• **Task statement**:
Take the whole listing and reproduce it exactly, pictures excepted.

Top of Given data

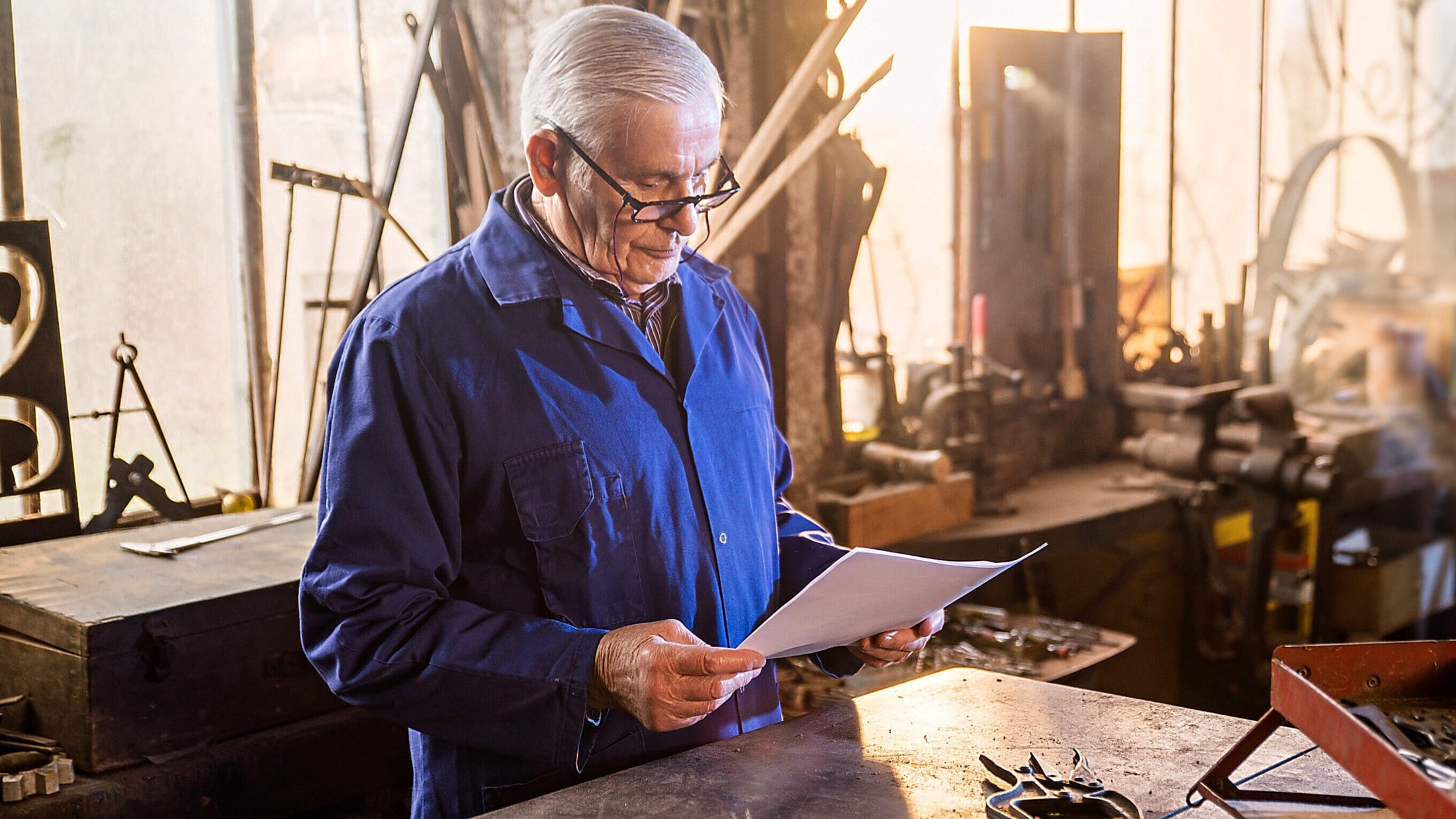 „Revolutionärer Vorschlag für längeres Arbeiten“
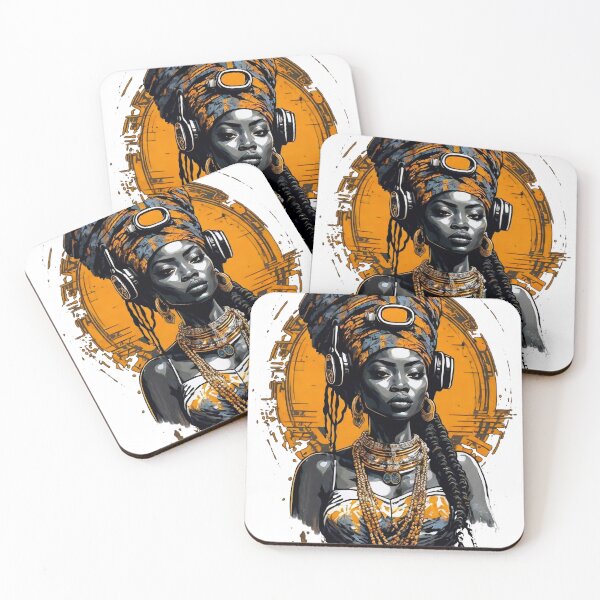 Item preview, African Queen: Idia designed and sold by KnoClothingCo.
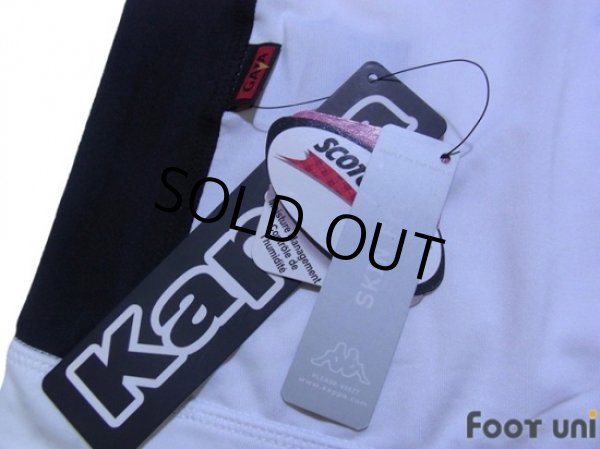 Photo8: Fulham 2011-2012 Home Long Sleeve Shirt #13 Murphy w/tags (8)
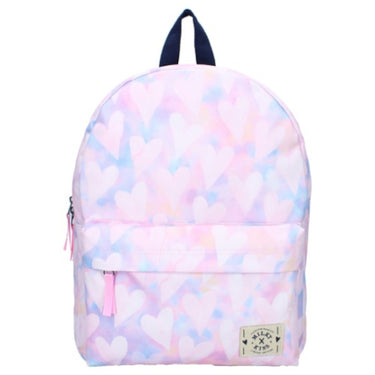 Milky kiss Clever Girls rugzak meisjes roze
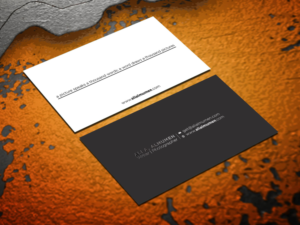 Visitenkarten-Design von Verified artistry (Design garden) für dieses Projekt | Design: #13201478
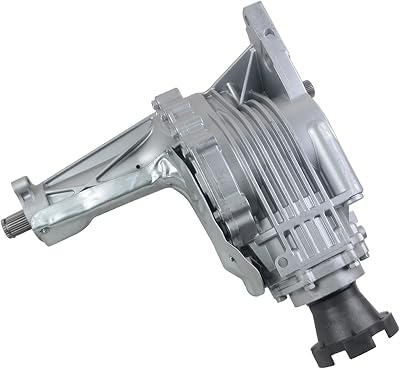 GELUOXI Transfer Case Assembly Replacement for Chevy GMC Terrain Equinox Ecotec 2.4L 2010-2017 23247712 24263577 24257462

Bottom of Given data

• **Output below**:
 „Revolutionärer Vorschlag für längeres Arbeiten“
 Item preview, African Queen: Idia designed and sold by KnoClothingCo.
 Photo8: Fulham 2011-2012 Home Long Sleeve Shirt #13 Murphy w/tags (8)
 Milky kiss Clever Girls rugzak meisjes roze
 Visitenkarten-Design von Verified artistry (Design garden) für dieses Projekt | Design: #13201478
 GELUOXI Transfer Case Assembly Replacement for Chevy GMC Terrain Equinox Ecotec 2.4L 2010-2017 23247712 24263577 24257462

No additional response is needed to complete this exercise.